_Exercise_
An exact copy of the entries is needed, with every picture left out.

Short text fragments from websites
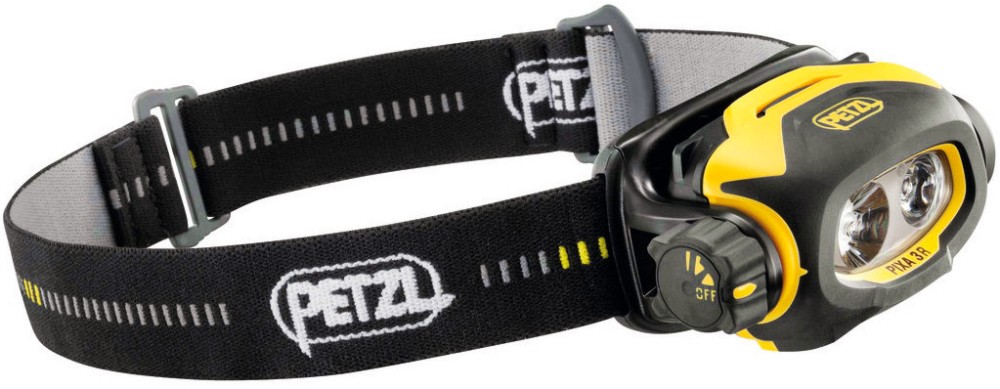   Petzl Pixa 3R - 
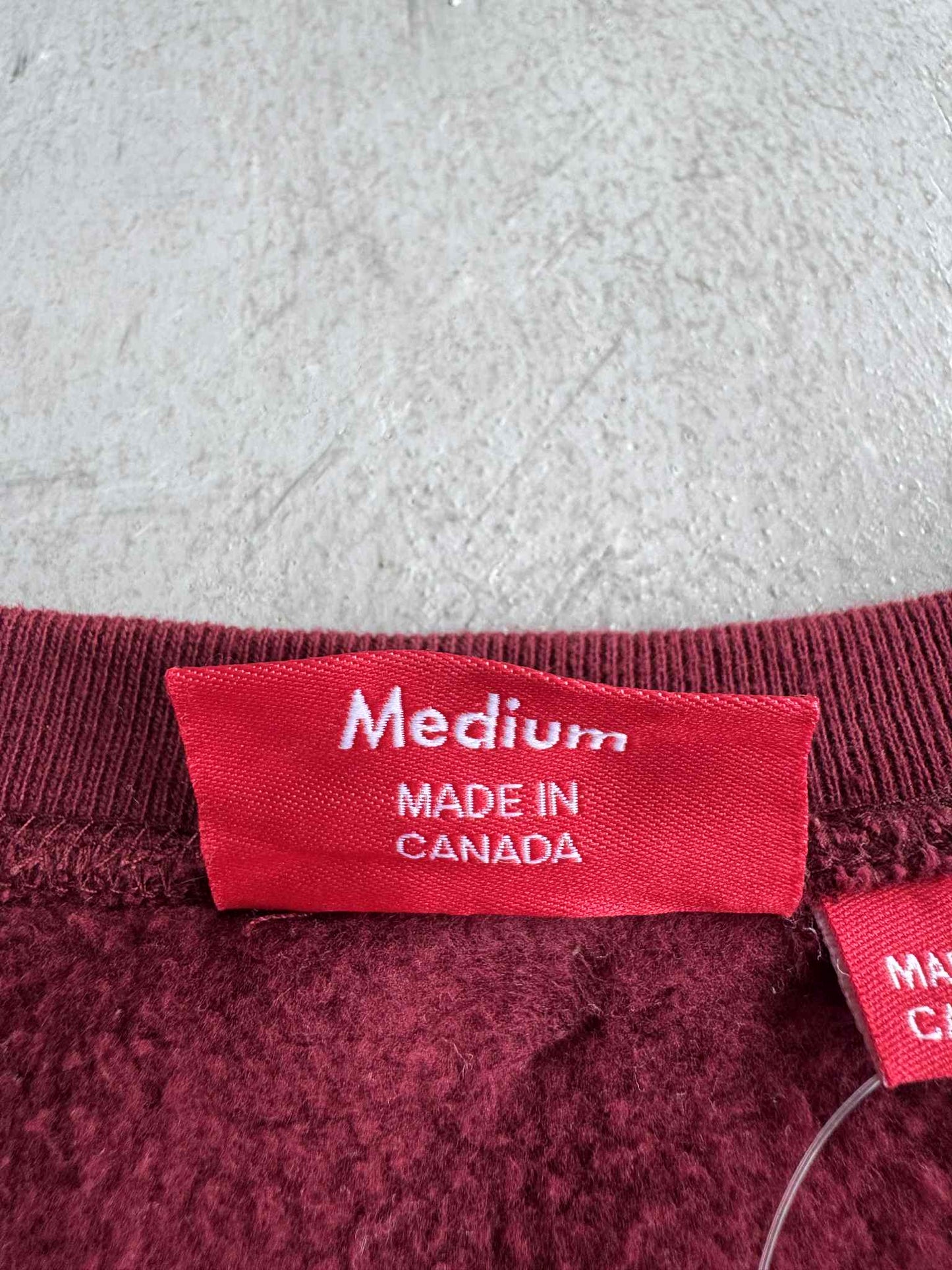Supreme Arc Logo Crewneck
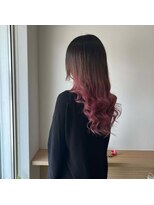 ヘアスタジオ マテリアル(hair studio Material)&nbsp;#プルエクステ#髪質改善#カラー#ヘアセット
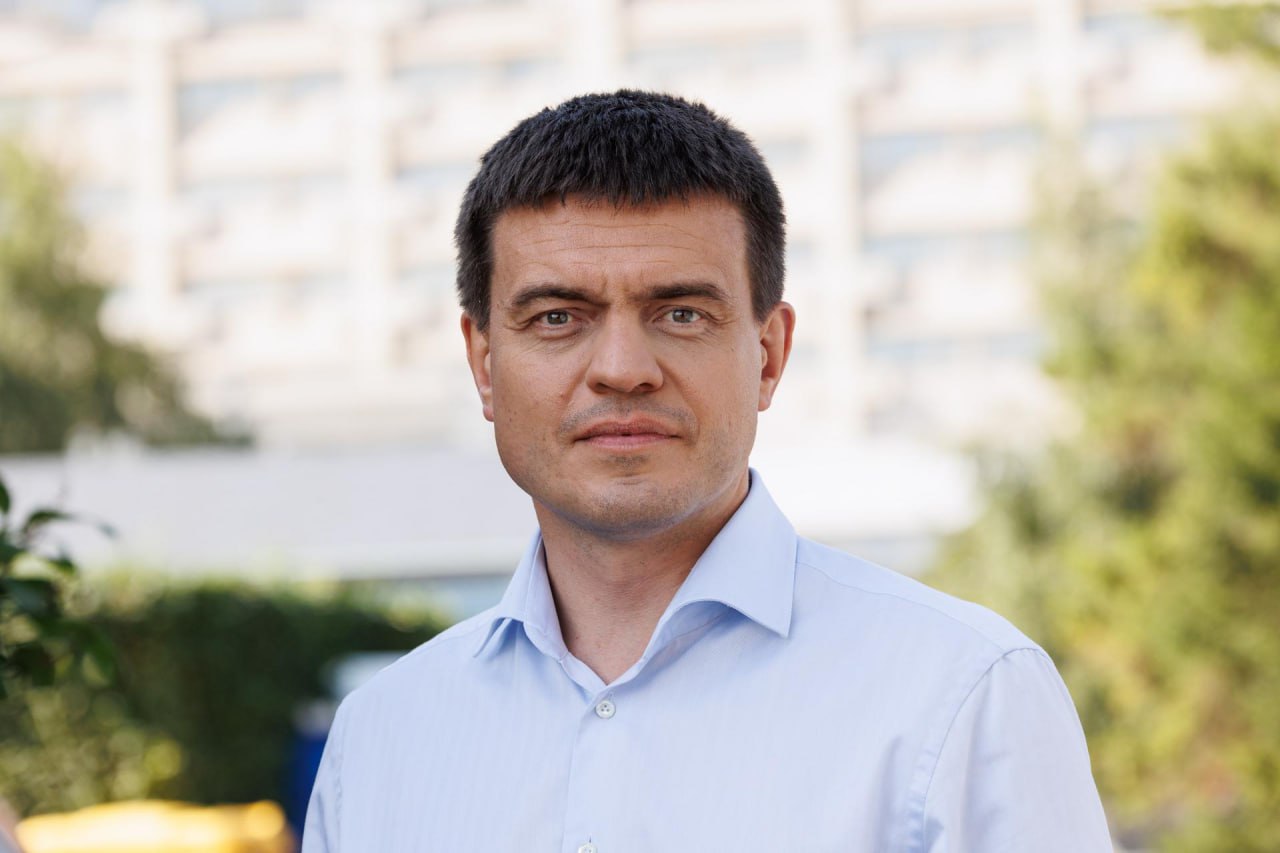 Поздравление с Днём народного единства жителей Свердловского МО ЛНР от Губернатора Красноярского края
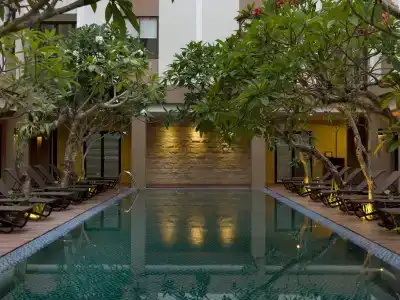 Santika Kuta - 9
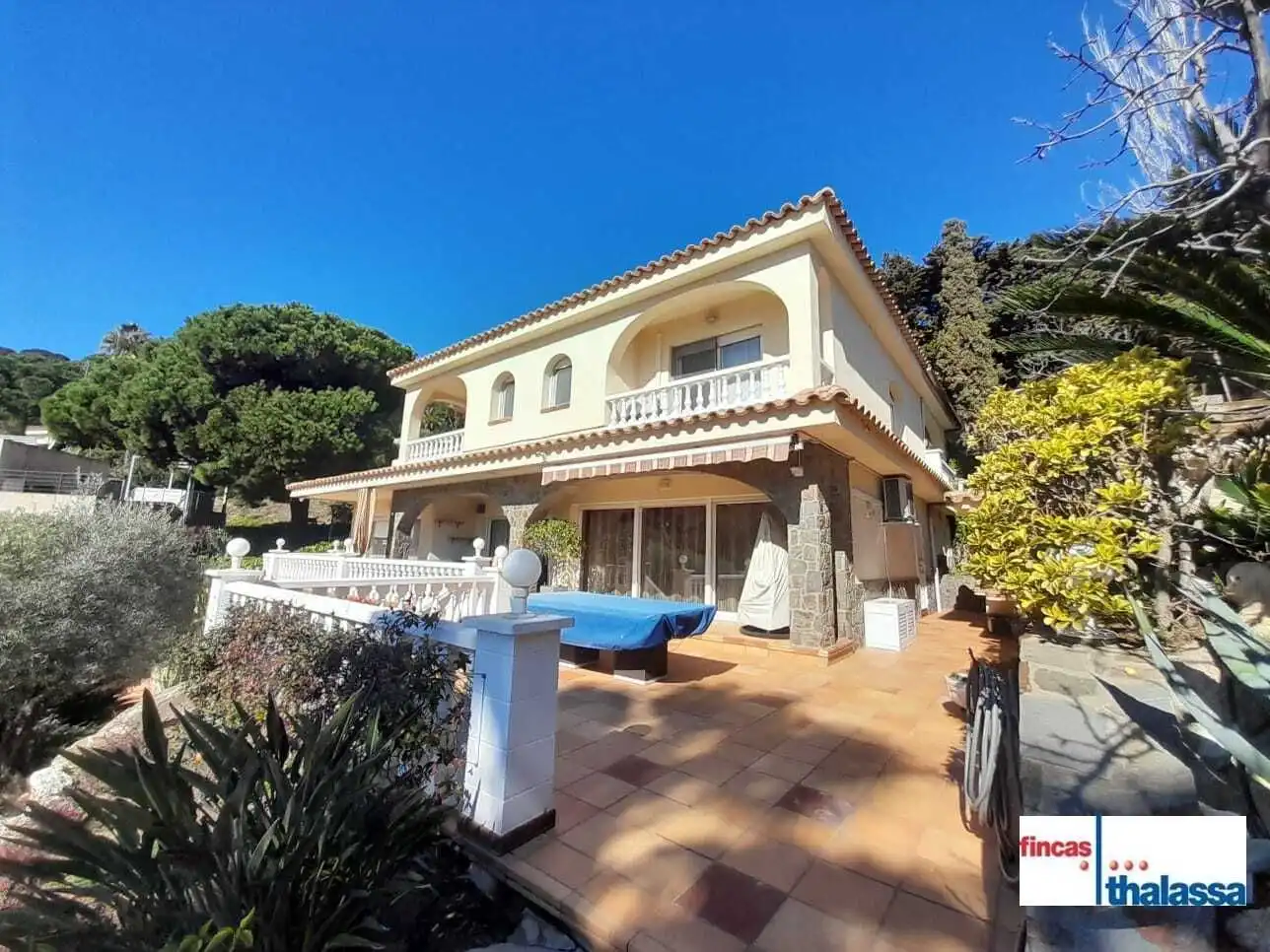 Haus mit Garten zum Verkauf in Santa Cristina - Sant Francesc, imagen 2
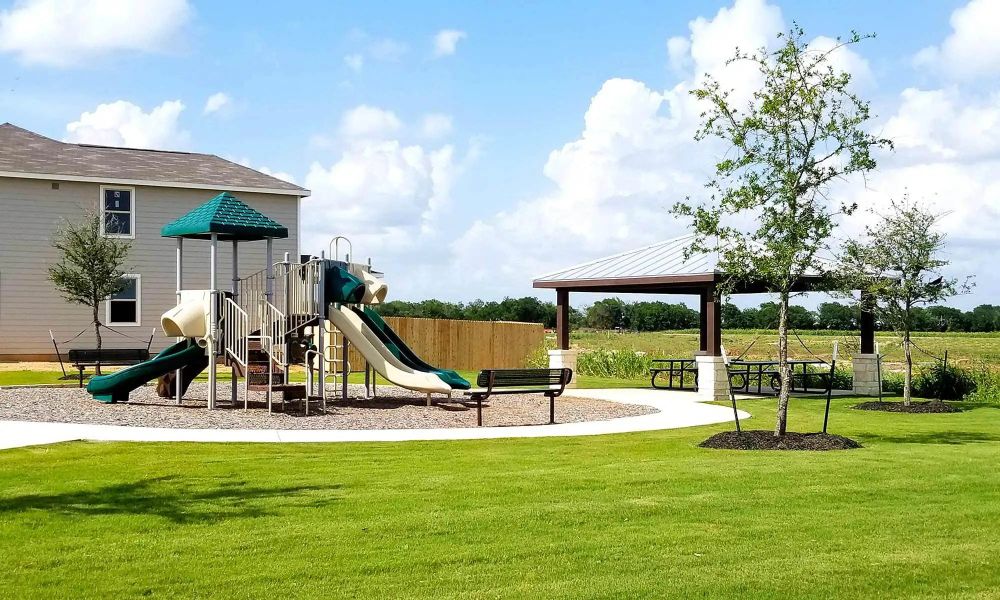 Image 2 of the Hiddenbrooke master-planned community in Seguin, TX. Image 2 of the Hiddenbrooke master-planned community in Seguin, TX.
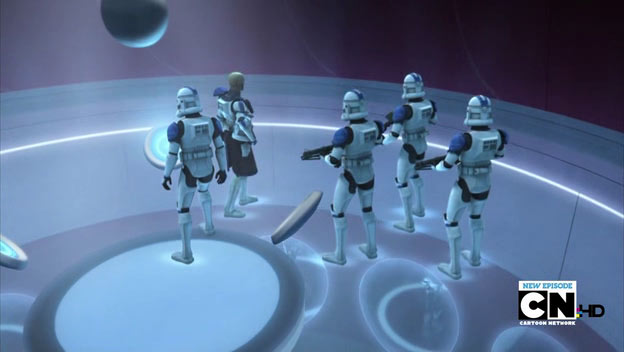 The Clone Wars Season 4 Episode 10 - Carnage of Krell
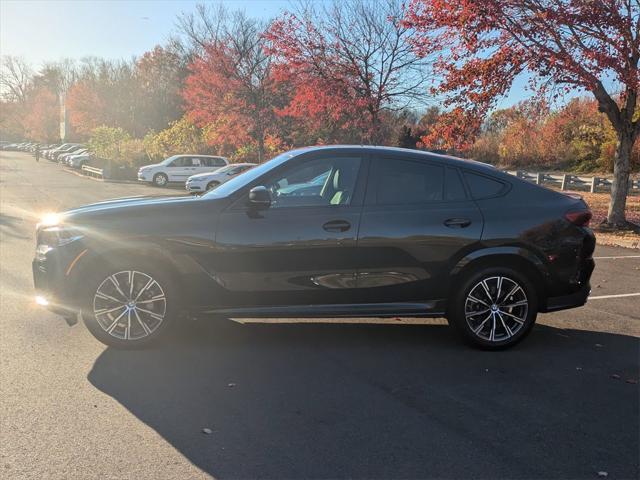 2023 bmw x6 xdrive40i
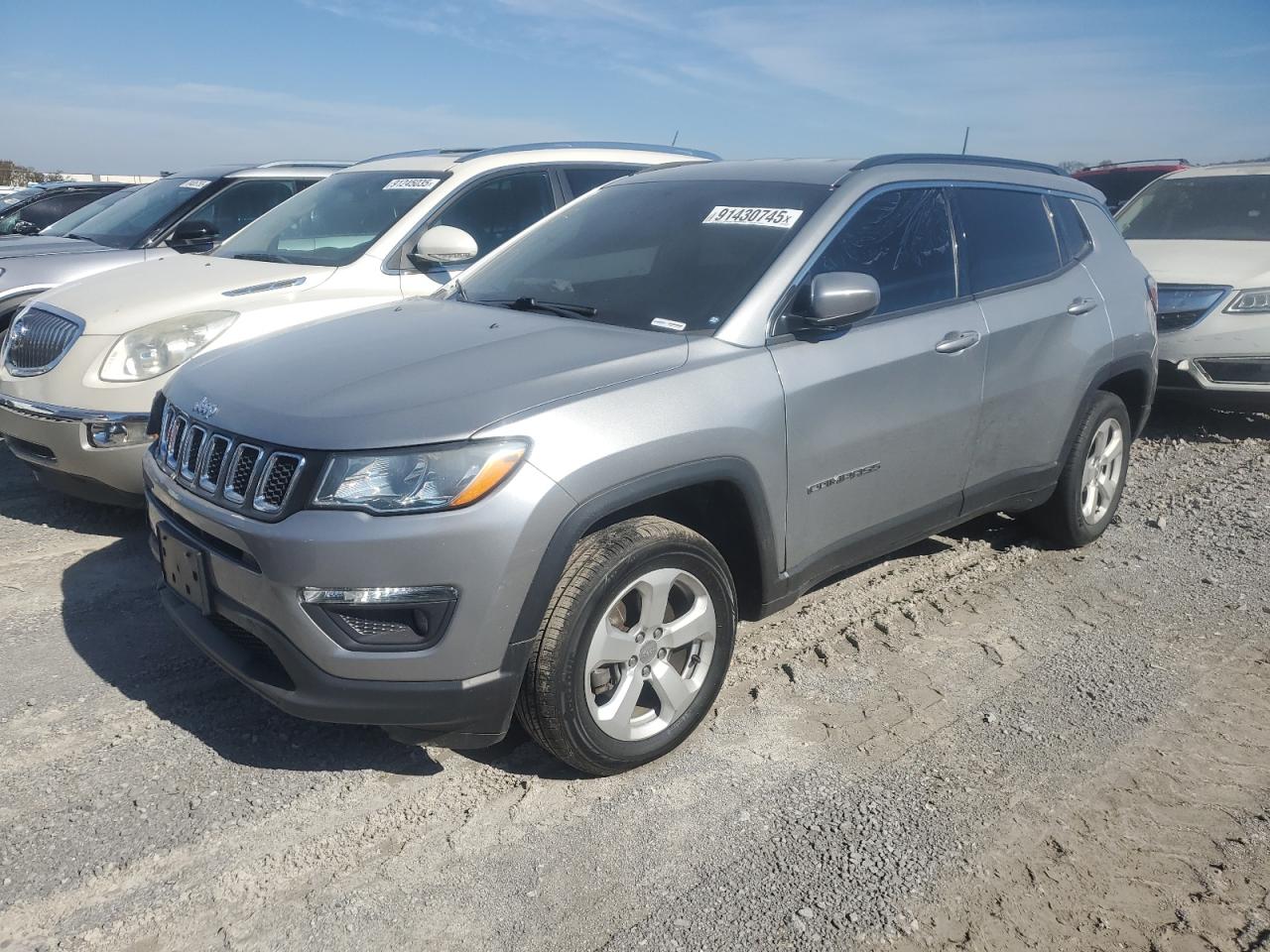 2019 JEEP COMPASS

_Solution to this task_
   Petzl Pixa 3R - 
Supreme Arc Logo Crewneck
 ヘアスタジオ マテリアル(hair studio Material)&nbsp;#プルエクステ#髪質改善#カラー#ヘアセット
 Поздравление с Днём народного единства жителей Свердловского МО ЛНР от Губернатора Красноярского края
 Santika Kuta - 9
 Haus mit Garten zum Verkauf in Santa Cristina - Sant Francesc, imagen 2
 Image 2 of the Hiddenbrooke master-planned community in Seguin, TX. Image 2 of the Hiddenbrooke master-planned community in Seguin, TX.
 The Clone Wars Season 4 Episode 10 - Carnage of Krell
 2023 bmw x6 xdrive40i
 2019 JEEP COMPASS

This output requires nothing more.